What consumers can and cannot get from systematic reviews

Systematic reviews ask a very specific research question about a particular intervention in a clearly defined group of people who have a health condition or problem. Reviews provide powerful information on the state of knowledge about a healthcare intervention and whether that intervention is an effective treatment of a healthcare condition.

Reviews are dependent on the availability of studies and the information these studies contain.

Healthcare studies differ dramatically in what they look for and how well they are carried out and, therefore, how much weight one can put on their conclusions. Part of the reason for performing systematic reviews is to reduce the effects of these shortcomings. Issues of conflict of interest and corporate funding of healthcare studies are also important considerations in drawing conclusions from any study.

Reviews more often assess benefits rather than harms.

Healthcare studies are generally designed to assess the benefits, rather than the harms, of an intervention. Studies generally have a relatively short designated time period. Any possible harms of an intervention may be expected to occur less frequently and over a longer period of time than the studies cover.

Randomised controlled trials are expensive to run. They are very time consuming and multiple factors may limit how many participants are involved, the outcomes measured and the length of the trial. Therefore, many studies are conducted to identify benefits that may be financially rewarding.

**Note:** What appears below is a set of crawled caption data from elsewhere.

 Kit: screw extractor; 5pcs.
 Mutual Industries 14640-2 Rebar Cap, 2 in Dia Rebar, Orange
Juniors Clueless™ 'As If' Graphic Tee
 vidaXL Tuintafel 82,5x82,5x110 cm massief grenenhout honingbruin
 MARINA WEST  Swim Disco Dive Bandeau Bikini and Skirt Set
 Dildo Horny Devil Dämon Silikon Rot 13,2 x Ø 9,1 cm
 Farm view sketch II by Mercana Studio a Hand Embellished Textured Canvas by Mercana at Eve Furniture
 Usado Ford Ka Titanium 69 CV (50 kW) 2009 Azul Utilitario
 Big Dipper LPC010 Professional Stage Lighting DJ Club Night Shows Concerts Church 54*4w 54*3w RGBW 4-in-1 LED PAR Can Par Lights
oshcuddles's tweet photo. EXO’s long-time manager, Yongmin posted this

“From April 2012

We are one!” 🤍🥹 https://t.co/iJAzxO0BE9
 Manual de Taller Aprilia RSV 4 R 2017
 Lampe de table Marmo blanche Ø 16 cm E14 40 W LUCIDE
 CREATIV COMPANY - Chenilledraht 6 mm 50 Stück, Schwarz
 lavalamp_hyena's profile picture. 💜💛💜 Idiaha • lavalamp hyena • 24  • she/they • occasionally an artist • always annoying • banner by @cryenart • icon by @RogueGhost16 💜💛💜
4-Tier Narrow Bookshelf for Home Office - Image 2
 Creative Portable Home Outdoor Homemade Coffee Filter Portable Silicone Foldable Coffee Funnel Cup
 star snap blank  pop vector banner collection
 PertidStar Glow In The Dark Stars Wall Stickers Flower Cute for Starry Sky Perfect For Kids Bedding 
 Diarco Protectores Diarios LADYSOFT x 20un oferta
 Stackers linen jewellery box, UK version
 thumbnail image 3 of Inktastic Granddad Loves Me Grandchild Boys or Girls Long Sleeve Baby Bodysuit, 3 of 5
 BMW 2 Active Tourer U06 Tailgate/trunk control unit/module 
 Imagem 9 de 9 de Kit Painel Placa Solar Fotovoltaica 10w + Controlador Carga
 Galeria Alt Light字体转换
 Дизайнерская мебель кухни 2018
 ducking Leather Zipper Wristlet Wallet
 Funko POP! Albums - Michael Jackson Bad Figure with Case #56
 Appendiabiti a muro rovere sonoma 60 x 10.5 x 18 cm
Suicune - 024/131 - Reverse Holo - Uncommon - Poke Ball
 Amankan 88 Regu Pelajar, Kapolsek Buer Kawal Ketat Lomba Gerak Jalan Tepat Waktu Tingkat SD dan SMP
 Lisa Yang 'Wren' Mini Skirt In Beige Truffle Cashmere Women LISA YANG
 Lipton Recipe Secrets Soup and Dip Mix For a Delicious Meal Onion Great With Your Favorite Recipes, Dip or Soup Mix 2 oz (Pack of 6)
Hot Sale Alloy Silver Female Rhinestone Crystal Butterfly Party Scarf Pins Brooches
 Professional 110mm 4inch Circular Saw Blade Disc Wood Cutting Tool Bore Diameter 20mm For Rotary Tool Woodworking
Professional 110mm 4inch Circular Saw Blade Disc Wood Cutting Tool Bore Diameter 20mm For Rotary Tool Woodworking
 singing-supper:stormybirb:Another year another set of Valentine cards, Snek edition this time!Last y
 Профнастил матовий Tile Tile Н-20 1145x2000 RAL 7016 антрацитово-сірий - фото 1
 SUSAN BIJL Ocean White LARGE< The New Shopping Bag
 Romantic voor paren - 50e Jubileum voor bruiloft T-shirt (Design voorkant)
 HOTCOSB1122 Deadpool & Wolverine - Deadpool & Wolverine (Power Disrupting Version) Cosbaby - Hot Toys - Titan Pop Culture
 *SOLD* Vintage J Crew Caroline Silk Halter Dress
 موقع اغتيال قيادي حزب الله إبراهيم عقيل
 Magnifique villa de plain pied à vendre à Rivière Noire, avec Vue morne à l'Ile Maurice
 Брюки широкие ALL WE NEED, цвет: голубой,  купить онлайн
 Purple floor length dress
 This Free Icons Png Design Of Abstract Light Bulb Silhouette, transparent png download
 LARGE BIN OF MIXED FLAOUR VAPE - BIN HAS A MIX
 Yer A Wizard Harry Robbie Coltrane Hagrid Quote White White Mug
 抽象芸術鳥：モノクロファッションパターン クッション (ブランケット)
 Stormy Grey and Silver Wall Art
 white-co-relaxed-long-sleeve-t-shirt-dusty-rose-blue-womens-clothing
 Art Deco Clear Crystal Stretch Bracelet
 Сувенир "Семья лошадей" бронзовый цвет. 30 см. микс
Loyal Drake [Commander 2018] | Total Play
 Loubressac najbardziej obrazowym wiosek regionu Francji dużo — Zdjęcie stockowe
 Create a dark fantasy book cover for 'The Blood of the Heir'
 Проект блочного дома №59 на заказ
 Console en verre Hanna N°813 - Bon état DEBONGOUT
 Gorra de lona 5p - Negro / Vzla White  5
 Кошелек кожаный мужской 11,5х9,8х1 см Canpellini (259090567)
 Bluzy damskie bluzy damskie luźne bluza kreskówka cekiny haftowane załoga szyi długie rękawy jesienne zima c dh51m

Participants of studies are carefully selected to reduce the risk of other problems interfering with the effectiveness of an intervention. Therefore, the selective nature of this process needs to be carefully considered when assessing a systematic review.

Systematic reviews:

  • follow stringent guidelines as to what types of studies are included and how healthcare measures of effectiveness can be expressed and combined;

  • cannot offer a guideline for treatment, especially if a person differs from those defined in the review. Individuals may have accompanying health problems, be in a different healthcare setting, or receive more than one intervention, for example;

  • may consider outcomes other than the one you are interested in and may not look at long term effects of an intervention;

  • may only find studies that are limited in a single healthcare setting, in which they take place;

  • may provide limited conclusions because of the specific question asked and/or the studies that were found.